La felicidad inesperada de Rakhmat

En aquel pueblito enclavado en el límite de la geografía, como la última mota de polvo en un mapa, el tiempo fluía no por el reloj, sino por las estaciones. Se congelaba en los crudos inviernos, se descongelaba con un chapoteo en el deshielo primaveral, dormitaba sofocante en el verano y se entristecía con las húmedas lluvias del otoño. Y en ese lento y viscoso fluir, la vida de Lyudmila, a quien todos llamaban simplemente Lucy, se ahogaba.

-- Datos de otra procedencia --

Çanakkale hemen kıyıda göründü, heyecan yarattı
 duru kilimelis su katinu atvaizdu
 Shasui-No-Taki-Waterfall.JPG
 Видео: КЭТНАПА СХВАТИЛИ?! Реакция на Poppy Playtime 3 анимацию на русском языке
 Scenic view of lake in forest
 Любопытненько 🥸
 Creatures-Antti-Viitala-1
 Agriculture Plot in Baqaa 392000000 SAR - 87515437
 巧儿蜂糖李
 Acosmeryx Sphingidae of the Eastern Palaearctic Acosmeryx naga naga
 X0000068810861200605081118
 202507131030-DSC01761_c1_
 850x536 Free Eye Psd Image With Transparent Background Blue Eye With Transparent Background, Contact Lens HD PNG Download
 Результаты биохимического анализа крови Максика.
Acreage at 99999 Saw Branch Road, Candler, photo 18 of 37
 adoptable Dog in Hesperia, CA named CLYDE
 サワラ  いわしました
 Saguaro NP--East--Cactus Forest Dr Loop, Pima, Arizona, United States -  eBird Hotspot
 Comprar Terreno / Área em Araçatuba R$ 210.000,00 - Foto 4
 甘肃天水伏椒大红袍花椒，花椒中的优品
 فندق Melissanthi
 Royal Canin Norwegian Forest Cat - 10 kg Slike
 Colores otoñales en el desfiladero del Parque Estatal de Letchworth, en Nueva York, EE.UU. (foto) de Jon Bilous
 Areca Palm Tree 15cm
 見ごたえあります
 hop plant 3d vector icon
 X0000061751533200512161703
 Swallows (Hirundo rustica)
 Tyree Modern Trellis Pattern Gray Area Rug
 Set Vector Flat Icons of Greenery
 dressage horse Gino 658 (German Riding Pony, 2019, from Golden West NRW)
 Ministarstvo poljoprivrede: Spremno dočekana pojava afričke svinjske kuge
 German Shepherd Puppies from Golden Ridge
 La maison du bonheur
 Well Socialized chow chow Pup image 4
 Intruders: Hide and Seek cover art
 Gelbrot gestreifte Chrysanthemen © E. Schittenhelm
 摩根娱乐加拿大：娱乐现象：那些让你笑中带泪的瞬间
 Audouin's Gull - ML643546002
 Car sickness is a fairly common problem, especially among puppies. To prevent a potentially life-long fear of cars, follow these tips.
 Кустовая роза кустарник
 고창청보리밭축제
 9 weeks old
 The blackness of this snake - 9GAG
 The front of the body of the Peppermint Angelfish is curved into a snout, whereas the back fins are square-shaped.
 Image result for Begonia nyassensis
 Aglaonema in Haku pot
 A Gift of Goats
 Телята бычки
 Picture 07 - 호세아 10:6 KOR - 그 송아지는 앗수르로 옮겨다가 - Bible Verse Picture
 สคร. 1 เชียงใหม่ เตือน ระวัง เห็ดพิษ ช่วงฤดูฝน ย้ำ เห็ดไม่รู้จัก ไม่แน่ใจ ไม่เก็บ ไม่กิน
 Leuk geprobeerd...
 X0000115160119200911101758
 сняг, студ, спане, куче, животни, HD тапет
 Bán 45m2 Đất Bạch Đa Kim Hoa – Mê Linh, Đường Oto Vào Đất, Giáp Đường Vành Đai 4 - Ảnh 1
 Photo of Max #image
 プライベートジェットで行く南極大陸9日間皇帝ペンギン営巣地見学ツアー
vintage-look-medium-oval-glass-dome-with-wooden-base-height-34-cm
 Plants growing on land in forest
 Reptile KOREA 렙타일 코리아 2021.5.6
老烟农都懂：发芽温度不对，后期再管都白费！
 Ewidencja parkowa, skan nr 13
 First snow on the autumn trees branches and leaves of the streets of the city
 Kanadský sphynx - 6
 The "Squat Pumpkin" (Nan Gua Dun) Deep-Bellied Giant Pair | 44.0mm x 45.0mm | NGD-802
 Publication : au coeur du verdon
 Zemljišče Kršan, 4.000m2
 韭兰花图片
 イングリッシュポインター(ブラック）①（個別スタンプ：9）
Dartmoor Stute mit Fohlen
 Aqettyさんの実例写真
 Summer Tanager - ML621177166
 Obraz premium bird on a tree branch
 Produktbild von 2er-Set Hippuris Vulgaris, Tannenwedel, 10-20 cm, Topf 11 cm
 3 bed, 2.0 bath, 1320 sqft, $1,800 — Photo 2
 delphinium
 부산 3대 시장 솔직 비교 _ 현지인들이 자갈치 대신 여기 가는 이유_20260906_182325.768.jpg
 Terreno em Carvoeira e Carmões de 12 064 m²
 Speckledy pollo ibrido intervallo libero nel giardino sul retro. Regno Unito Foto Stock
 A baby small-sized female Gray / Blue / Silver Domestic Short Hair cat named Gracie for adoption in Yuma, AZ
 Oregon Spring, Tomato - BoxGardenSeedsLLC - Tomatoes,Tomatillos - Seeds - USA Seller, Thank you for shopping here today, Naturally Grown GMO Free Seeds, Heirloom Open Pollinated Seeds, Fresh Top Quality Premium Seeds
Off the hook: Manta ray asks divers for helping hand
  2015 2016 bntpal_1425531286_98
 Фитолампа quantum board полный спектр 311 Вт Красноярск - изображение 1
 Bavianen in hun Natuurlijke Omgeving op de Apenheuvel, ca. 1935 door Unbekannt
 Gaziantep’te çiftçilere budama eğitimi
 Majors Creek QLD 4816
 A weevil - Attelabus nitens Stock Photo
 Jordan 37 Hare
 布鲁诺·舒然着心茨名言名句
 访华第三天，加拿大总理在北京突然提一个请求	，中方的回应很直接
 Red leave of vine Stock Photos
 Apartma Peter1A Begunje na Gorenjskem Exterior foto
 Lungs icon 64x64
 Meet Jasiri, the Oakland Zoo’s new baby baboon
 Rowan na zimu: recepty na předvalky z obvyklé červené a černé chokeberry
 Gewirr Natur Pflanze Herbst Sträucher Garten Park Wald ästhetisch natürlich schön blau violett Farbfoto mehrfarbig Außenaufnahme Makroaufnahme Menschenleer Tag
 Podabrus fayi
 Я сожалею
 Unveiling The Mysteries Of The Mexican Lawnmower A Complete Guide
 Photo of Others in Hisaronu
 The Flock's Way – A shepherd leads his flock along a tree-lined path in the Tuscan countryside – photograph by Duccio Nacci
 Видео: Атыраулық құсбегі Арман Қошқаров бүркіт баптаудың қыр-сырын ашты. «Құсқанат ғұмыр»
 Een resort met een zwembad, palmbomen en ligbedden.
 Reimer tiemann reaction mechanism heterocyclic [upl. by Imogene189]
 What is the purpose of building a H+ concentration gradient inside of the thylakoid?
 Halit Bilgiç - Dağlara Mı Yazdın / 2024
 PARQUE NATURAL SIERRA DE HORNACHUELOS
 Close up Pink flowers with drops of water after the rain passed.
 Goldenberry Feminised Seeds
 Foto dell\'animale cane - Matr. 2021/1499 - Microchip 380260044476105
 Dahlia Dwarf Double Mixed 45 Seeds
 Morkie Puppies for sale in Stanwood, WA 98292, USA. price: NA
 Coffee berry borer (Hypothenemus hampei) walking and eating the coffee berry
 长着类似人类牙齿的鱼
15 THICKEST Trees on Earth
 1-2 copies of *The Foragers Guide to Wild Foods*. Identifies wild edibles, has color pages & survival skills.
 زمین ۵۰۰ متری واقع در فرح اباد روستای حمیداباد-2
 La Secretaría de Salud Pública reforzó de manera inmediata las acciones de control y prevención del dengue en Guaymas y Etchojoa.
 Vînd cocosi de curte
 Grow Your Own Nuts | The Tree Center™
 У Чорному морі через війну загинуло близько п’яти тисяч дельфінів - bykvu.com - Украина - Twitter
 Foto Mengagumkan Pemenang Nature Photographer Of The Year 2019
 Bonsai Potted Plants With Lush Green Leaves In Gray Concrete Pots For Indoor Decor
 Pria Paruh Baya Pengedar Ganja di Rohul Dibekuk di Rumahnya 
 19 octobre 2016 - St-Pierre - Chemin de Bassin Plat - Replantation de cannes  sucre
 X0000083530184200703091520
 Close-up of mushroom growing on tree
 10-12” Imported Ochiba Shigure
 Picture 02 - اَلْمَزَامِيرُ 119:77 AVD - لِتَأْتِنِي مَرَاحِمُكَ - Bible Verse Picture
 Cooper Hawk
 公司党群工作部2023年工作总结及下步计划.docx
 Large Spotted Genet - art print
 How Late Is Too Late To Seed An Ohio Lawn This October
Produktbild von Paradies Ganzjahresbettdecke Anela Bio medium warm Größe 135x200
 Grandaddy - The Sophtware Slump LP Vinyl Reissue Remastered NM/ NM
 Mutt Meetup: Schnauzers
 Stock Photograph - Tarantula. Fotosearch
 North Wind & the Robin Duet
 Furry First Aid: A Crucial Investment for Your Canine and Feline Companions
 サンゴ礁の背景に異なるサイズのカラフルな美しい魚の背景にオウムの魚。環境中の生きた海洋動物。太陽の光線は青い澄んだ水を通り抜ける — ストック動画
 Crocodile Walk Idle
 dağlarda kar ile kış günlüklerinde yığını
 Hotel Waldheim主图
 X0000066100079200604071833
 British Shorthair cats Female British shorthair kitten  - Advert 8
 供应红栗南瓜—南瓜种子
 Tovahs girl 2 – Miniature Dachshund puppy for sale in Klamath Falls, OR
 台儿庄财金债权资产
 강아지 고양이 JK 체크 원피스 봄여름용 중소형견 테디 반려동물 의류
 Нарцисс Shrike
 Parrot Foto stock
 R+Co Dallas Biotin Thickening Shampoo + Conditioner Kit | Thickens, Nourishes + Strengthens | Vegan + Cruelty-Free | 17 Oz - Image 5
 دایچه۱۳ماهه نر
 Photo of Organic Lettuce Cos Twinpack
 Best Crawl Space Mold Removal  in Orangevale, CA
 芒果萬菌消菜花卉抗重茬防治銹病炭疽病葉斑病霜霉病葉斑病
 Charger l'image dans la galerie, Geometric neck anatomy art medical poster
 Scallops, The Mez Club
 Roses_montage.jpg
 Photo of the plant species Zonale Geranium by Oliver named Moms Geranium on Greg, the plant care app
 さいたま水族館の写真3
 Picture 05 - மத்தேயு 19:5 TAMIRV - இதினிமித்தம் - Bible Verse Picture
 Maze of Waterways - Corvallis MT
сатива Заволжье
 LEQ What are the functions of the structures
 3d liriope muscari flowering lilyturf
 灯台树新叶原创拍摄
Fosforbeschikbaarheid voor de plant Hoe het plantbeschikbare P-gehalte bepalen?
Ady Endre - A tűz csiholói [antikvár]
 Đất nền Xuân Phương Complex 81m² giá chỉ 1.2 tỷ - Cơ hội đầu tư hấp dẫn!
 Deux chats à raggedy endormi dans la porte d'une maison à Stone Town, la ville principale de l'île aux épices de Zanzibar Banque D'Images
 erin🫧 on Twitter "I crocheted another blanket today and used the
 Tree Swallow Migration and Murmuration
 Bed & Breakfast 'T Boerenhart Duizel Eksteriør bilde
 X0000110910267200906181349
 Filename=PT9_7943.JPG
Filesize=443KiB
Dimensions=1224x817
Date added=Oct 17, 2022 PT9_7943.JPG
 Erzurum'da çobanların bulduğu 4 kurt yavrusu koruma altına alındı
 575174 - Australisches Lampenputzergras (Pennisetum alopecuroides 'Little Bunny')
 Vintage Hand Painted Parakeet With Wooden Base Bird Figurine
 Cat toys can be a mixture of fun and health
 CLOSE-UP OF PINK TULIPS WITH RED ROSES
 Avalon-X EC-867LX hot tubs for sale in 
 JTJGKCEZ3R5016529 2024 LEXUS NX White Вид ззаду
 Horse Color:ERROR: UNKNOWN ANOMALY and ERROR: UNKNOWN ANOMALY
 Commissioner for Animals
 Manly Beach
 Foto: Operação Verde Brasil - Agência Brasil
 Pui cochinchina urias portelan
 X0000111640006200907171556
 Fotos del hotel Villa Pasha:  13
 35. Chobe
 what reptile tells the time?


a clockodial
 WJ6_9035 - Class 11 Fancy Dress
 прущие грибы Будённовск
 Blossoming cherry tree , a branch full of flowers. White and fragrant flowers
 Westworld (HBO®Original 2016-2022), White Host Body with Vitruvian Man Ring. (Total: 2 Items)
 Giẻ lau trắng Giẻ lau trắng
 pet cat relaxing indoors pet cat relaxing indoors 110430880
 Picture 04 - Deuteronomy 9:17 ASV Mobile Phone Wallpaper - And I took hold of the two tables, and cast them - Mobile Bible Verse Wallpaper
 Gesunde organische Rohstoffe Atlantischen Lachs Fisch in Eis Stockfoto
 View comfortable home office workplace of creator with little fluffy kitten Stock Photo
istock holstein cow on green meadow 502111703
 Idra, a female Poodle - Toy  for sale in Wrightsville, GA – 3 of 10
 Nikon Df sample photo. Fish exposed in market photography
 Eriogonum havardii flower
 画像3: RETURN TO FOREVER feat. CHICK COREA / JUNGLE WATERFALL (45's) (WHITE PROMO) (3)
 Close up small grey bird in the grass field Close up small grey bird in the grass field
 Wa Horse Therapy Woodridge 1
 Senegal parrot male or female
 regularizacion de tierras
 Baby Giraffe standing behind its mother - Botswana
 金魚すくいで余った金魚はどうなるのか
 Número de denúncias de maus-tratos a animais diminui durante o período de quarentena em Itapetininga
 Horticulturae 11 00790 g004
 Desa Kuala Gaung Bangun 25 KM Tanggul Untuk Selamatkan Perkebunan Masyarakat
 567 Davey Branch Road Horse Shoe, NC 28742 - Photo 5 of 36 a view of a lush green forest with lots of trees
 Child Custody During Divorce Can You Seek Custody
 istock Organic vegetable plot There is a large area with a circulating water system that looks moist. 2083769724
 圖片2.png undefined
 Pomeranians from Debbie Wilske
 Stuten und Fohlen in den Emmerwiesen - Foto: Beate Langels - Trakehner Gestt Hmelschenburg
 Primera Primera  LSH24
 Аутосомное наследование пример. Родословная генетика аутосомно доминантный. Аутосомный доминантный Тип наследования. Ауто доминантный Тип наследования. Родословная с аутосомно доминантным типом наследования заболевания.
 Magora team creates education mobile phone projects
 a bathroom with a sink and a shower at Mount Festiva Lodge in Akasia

Lucy tenía treinta años, y toda su vida parecía irremediablemente atrapada en el atolladero de su propio cuerpo. Pesaba ciento veinte kilos, y esto no era solo peso, sino toda una fortaleza erigida entre ella y el mundo. Una fortaleza de carne, fatiga y silenciosa desesperación. Sospechaba que la raíz del mal estaba en algún lugar de su interior, algún tipo de colapso, enfermedad, trastorno metabólico, pero acudir a especialistas en provincias era impensable: lejano, humillantemente caro y, al parecer, inútil.

Trabajaba como niñera en la guardería municipal “Kolokolchik”. Sus días estaban llenos de olor a talco para bebés, gachas hervidas y suelos eternamente mojados. Sus manos grandes e increíblemente tiernas sabían cómo consolar a un bebé lloroso, hacer con destreza una docena de camas y limpiar un charco sin que el niño se sintiera culpable. Los niños la adoraban, se sentían atraídos por su dulzura y su cariño sereno. Pero la silenciosa alegría en los ojos de los niños de tres años era un pequeño precio a pagar por la soledad que la aguardaba fuera de las puertas de la guardería.

Lyudmila vivía en un viejo barracón de ocho apartamentos, vestigio de una gloriosa época soviética. La casa estaba en las últimas, sus vigas crujían por la noche y temía los fuertes vientos. Hacía dos años, su madre la había abandonado para siempre: una mujer silenciosa y agotada que había enterrado todos sus sueños entre las paredes de este mismo edificio de la época de Jruschov. Lyusya no recordaba en absoluto a su padre; había desaparecido de su vida hacía mucho tiempo, dejando solo un vacío polvoriento y una vieja fotografía.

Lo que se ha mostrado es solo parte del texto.